Sunday, 10 February 2013


Perhaps somebody can solve a puzzle for me? Under the new regulations governing housing benefit for social housing tenants, benefit will be cut by about £14 a week if the Local Authority judge that you have a bedroom more than the Government has decided you need. If you have two, the cut will be greater. Adults will be allowed one bedroom each with the following exceptions:-

  • Children under 16 of same gender are expected to share
  • Children under 10 are expected to share regardless of gender
  • Disabled tenant or partner who needs non resident overnight carer will be allowed an extra bedroom

It has been estimated that this will affect around 660,000 people, so they will have to decided if they should move or face paying more for their accommodation. It has been suggested that folk affected should move but where to?. For example, a single unemployed person in a two bedroom flat will have his benefit cut unless he moves. But where will he move to as there are no one bedroom flats in the social housing stock so it will mean going to the private sector which will cost more in rent and would  therefore, mean that he will receive a greater amount of housing benefit than he does now. So hence my puzzle – where is the sense in this – I just don’t understand.

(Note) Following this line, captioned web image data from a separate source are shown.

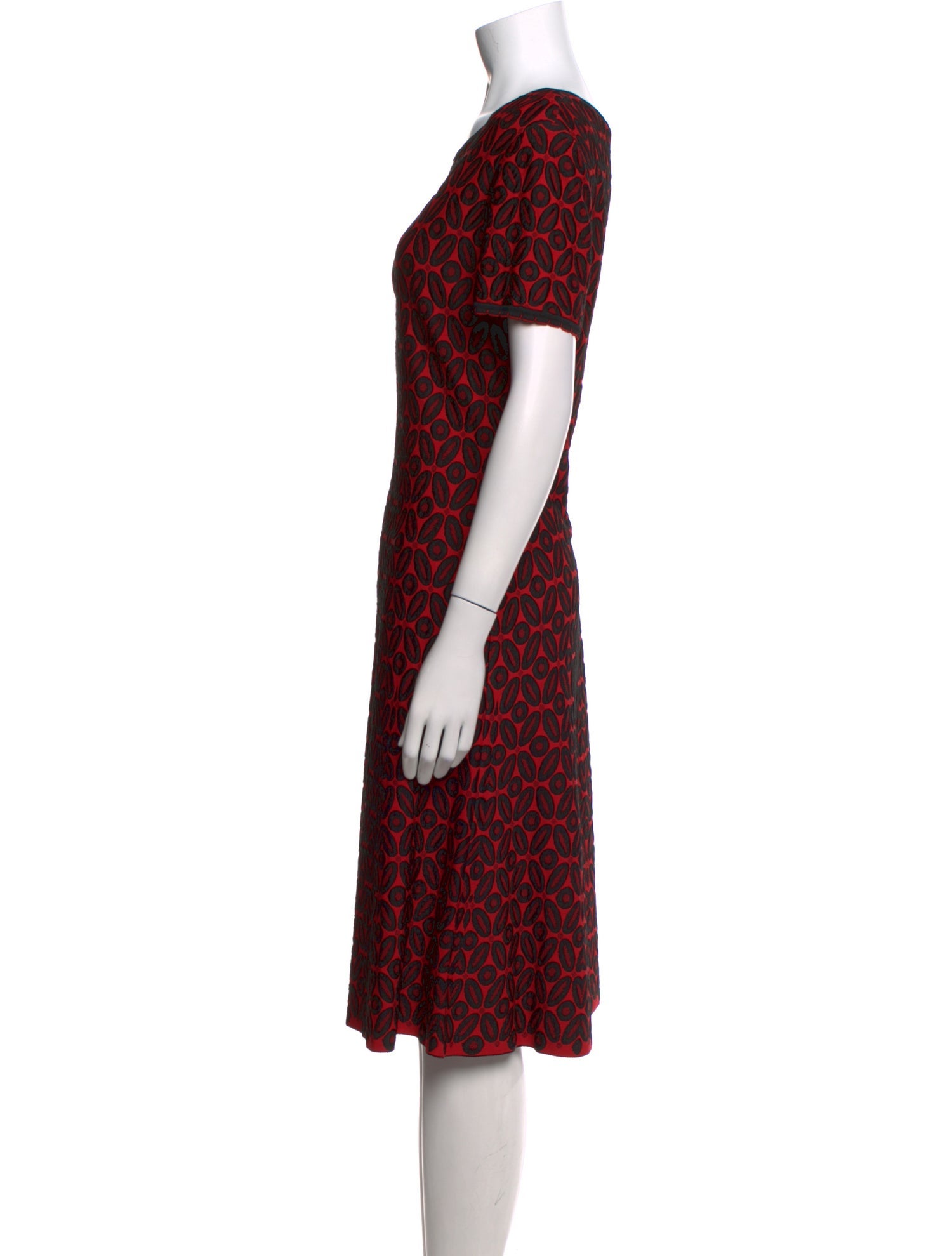 St. John Printed Midi Length Dress w/ Tags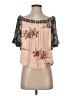 Assorted Brands 100% Polyester Tan Short Sleeve Blouse Size S - photo 1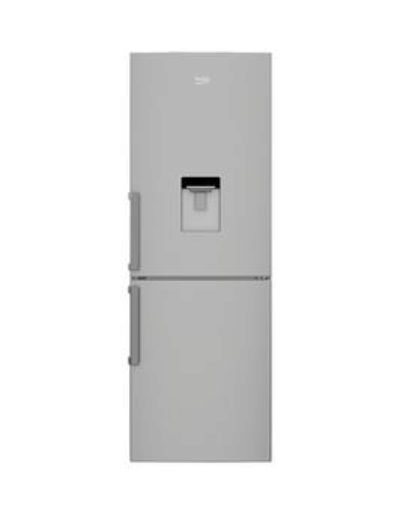 Beko Cfp1675Dx 60Cm Frost Free Fridge Freezer With Non Plumbed Water Dispenser - Silver Beko Cfp1675Dx 60Cm Frost Free Fridge Freezer With Non Plumbed Water Dispenser - Silver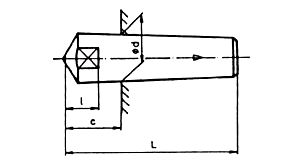 Diamantový orovnávač 9x36/60st. Mk0 0,75ct 11-51 KUŽEL broušený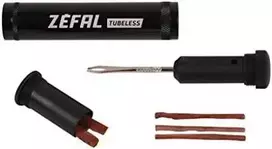 ZEFAL TUBELESS REPAIR KIT - Juodas TUBE W CLIP dvir. įrankių rinkinys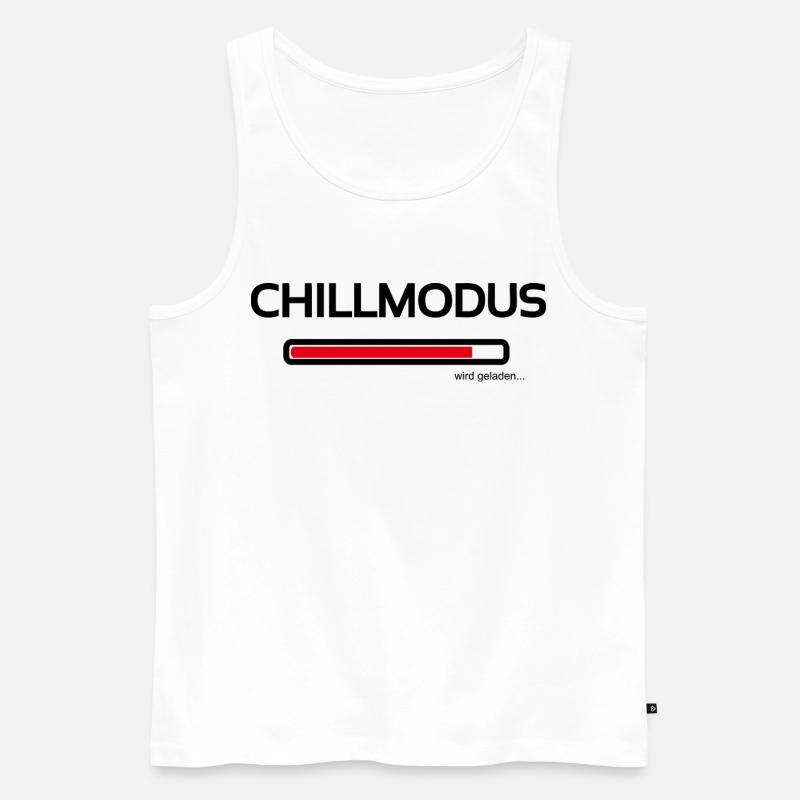 Chillmodus - heute wird nur noch ausgeruht - Männer Premium Bio Tank Top - Weiß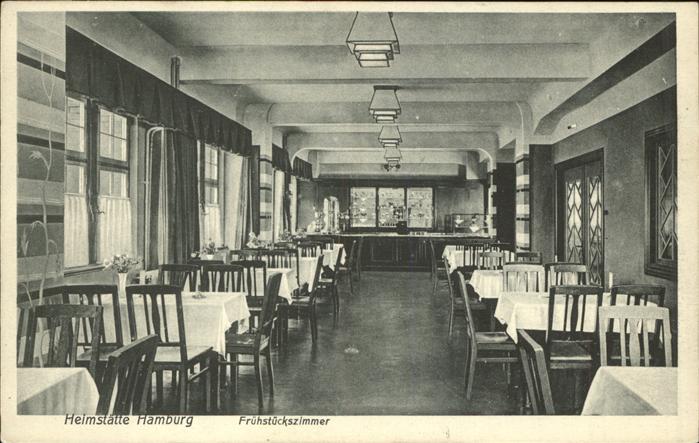 Hamburg Heimstätte Frühstückszimmer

  1. I could find this marginally more acceptable in particular circumstances. For example, are these the standards by which our politicians decide on the suitability or otherwise of their own accommodation? How many rooms in total does the Prime Minister enjoy with his private residence(s), 10 Downing Street, and Chequers? Will his "benefit" (ie the salary given at taxpayers' expense) be cut in respect of the excess? Thought not!

    You have to understand, Father, that we are just plebs. Don't do what they do, but do what they so.

  2. I think the Prime Minister actually does a job( whether you appreciate it or not ). The people affected are people who don't work or earn very little.

  3. As a matter of fact, people who receive Housing Benefit are not necessarily unemployed.

    1. thank you for pointing that out
      my council 2 bed flat is approx 20 to 25 pounds cheaper a week than any private rented single bedroomed flat in this area , which are as rare as rocking horse teeth around here

  4. Quite right, Father. As a taxpayer (on a modest occupational pension), I have no objection to the payment of benefits to people who are out of work, but I'm - ahem! - jiggered if I see any reason to subsidise employers who don't pay a living wage. This is the real scandal of housing benefit (and some other means-tested benefits). The foul rhetoric about "scroungers" is used to disguise the fact that many payments are to people on low wages.

    You are also right about the small number of social housing properties available with only one or two bedrooms. There is of course the issue of the great sell-off of council houses to sitting tenants, further restricting the supply of social housing.